Wolf-man versus Mother Goose

Locke’s “takings” rendered a godly act, misunderstood by poor Marx as “primitive accumulation.”

Such beautiful little stories that natural rights philosophers tell themselves:

He that is nourished by the Acorns he pickt up under an Oak, or the Apples he gathered from the Trees in the Wood, has certainly appropriated them to himself. No Body can deny but the nourishment is his. I ask then, When did they begin to be his? When he digested? Or when he eat? Or when he boiled? or when he brought them home? Or when he pickt them up? And ’tis plain, if the first gathering made them not his, nothing else could. That labour put a distinction between them and the common. That added something to them more than Nature, the common Mother of all, had done; and so they became his private right.
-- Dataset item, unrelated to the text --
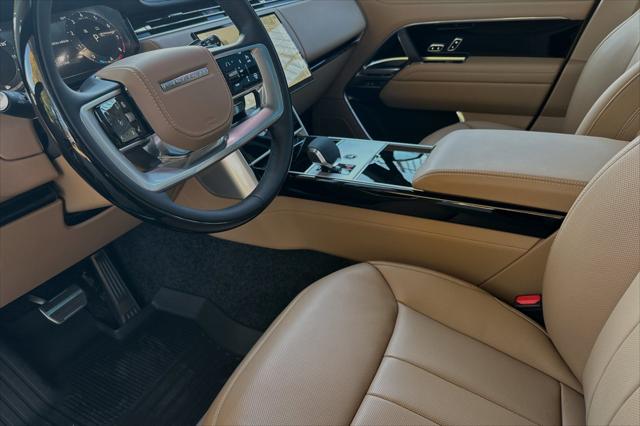 2025 Land Rover Range Rover P530 SE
John Locke, Two Treatises of Government. Second Treatise, § 28.

Acorns, Apples, and Trees: Mother Goose has nothing on this.

As far it goes in the natural rights genre, Hobbesian horror stories are preferable to Lockean nursery rhymes. In the apparently empty forest, Hobbes’ wolf-man would be justified by right in ripping out the stomach of Locke’s gentle-man hunter and gatherer in order to gain access to its contents. The wolf’s bite proves superior to the quaint bit about “labour.”